Par ailleurs, Monsieur [S] produit une lettre qu'il a adressée à son employeur le 1er février, indiquant que ce dernier avait refusé de reporter la date de l'entretien.
C'est donc à juste titre que le conseil de prud'hommes a estimé que la procédure de licenciement n'avait pas été respectée.
Cette irrégularité a causé à Monsieur [S] un préjudice constitué par la perte d'une chance d'éviter le licenciement en s'expliquant lors de l'entretien préalable, que le conseil de prud'hommes a estimé à juste titre à l'équivalent d'un mois de salaire, en application des dispositions de l'article L.1235-2 dernier alinéa du code du travail.

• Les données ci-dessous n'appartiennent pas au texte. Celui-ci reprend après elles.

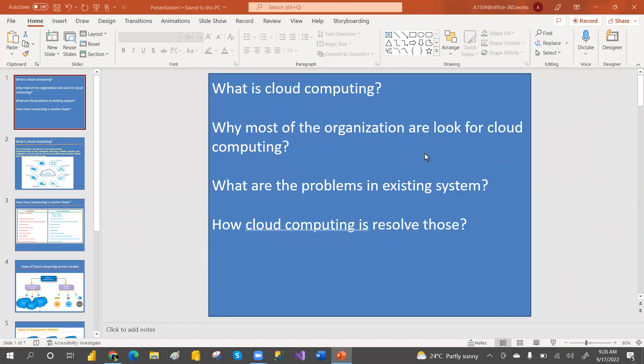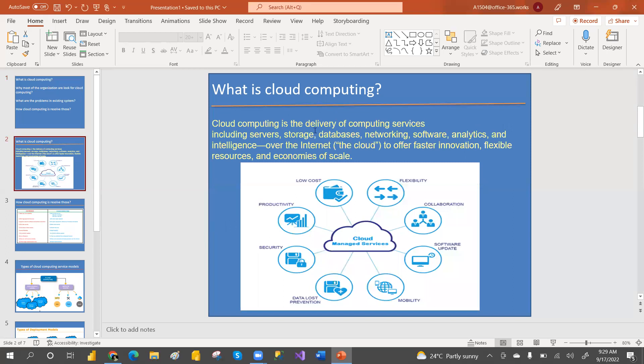Hey, welcome to PCF. I'm Srirangam Pujari. In this video we are going to discuss what is cloud computing, why most organizations are looking for cloud computing, what problems exist in the current system, and how they will be resolved by cloud computing. These four questions we are going to cover by the end of this session.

Il convient donc de confirmer le jugement sur ce point.
Sur les autres demandes
Il convient d'ordonner la remise d'un bulletin de salaire rectificatif, ainsi que d'un certificat de travail et d'une attestation destinée à Pôle Emploi, conformes aux dispositions du présent arrêt, sans que le prononcé d'une astreinte apparaisse nécessaire.

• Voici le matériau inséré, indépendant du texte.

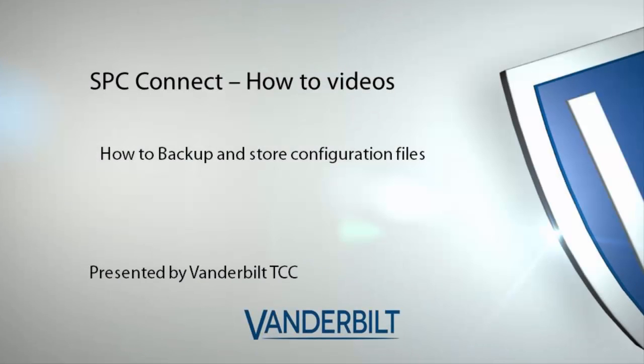Hello and welcome. In this short video, I will present how to backup and store configuration files from the SPC intrusion system.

Sur le fondement des dispositions de l'article 700 du code de procédure civile, il convient de confirmer le jugement en ce qu'il a condamné la société Messatrans à payer à Monsieur [S] une indemnité de 1 300 euros destinée à couvrir les frais non compris dans les dépens qu'il a dû engager pour assurer la défense de ses intérêts et y ajoutant, de la condamner au paiement d'une indemnité de 1 000 euros en cause d'appel.
PAR CES MOTIFS
La Cour, statuant par arrêt contradictoire mis à disposition au greffe,
Confirme le jugement déféré en ce qu'il a condamné la société Messatrans à payer à Monsieur [F] [S] les sommes suivantes :
- indemnité pour inobservation de la procédure de licenciement : 1 480,20 € ;
- indemnité pour frais de procédure : 1 300 € ;
- les dépens
Confirme également le jugement déféré en ce qu'il a déclaré prescrite la demande de rappel de salaires pour la période antérieure au mois de mai 2015 et en ce qu'il a débouté Monsieur [F] [S] de sa demande d'indemnité pour licenciement nul, de sa demande d'indemnités de panier et de sa demande relative aux congés payés ;
Infirme le jugement pour le surplus ;
Statuant à nouveau sur les points infirmés ;
Condamne la société Messatrans à payer à Monsieur [F] [S] un rappel de salaires pour heures supplémentaires de 13 346,80 € ;
Y ajoutant ;
Condamne la société Messatrans à payer à Monsieur [F] [S] une indemnité pour frais de procédure de 1 000 € ;
Ordonne la remise d'un bulletin de salaire rectificatif, ainsi que d'un certificat de travail et d'une attestation destinée à Pôle Emploi, conformes aux dispositions du présent arrêt, dans un délai de 30 jours à compter de sa signification ;
Déclare prescrite ma demande d'indemnités de panier pour la période antérieure au mois de mai 2015 et déboute Monsieur [F] [S] du surplus de ses demandes ;
Déboute la société Messatrans de sa demande d'indemnité pour frais de procédure formée en cause d'appel ;
Condamne la société Messatrans aux dépens d'appel.